- _ABOUT THIS EXERCISE_: Below are records; output exactly the lines from the one with "Soi Paris Facebook ad" through their final line.

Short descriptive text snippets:
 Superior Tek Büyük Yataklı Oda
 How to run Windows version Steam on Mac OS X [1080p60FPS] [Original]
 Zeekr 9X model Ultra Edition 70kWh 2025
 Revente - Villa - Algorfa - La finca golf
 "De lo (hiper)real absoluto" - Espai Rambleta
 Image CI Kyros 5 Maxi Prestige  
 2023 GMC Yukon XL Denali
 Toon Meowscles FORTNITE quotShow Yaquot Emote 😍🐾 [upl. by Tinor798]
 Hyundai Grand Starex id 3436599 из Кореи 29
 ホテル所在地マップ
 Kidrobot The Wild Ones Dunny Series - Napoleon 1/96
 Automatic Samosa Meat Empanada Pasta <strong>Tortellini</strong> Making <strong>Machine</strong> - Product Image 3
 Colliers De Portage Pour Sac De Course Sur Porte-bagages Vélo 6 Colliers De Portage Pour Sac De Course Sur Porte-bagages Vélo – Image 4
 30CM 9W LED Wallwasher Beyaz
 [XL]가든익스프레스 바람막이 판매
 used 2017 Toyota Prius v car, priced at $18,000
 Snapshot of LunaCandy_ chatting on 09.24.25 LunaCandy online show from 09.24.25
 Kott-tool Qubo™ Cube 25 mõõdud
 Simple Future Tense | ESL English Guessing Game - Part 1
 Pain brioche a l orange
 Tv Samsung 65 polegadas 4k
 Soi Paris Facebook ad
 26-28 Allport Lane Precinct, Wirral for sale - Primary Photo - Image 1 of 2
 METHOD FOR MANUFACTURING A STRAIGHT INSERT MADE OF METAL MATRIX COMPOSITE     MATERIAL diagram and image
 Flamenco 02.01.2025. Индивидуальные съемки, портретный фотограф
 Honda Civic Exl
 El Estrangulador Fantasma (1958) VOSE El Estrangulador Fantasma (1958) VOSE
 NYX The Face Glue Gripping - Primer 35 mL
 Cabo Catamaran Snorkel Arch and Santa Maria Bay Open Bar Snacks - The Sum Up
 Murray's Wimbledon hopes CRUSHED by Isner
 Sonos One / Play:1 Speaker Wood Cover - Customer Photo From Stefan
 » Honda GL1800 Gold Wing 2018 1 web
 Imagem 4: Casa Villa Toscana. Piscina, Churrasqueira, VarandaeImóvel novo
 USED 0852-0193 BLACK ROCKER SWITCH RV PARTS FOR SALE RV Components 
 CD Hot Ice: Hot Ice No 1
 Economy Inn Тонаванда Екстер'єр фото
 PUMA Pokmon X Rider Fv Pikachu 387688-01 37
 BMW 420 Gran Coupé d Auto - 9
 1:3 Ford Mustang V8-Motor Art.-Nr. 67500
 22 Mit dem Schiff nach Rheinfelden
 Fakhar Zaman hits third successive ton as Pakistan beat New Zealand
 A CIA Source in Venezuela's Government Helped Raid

- _ANSWER SECTION_:
 Soi Paris Facebook ad
 26-28 Allport Lane Precinct, Wirral for sale - Primary Photo - Image 1 of 2
 METHOD FOR MANUFACTURING A STRAIGHT INSERT MADE OF METAL MATRIX COMPOSITE     MATERIAL diagram and image
 Flamenco 02.01.2025. Индивидуальные съемки, портретный фотограф
 Honda Civic Exl
 El Estrangulador Fantasma (1958) VOSE El Estrangulador Fantasma (1958) VOSE
 NYX The Face Glue Gripping - Primer 35 mL
 Cabo Catamaran Snorkel Arch and Santa Maria Bay Open Bar Snacks - The Sum Up
 Murray's Wimbledon hopes CRUSHED by Isner
 Sonos One / Play:1 Speaker Wood Cover - Customer Photo From Stefan
 » Honda GL1800 Gold Wing 2018 1 web
 Imagem 4: Casa Villa Toscana. Piscina, Churrasqueira, VarandaeImóvel novo
 USED 0852-0193 BLACK ROCKER SWITCH RV PARTS FOR SALE RV Components 
 CD Hot Ice: Hot Ice No 1
 Economy Inn Тонаванда Екстер'єр фото
 PUMA Pokmon X Rider Fv Pikachu 387688-01 37
 BMW 420 Gran Coupé d Auto - 9
 1:3 Ford Mustang V8-Motor Art.-Nr. 67500
 22 Mit dem Schiff nach Rheinfelden
 Fakhar Zaman hits third successive ton as Pakistan beat New Zealand
 A CIA Source in Venezuela's Government Helped Raid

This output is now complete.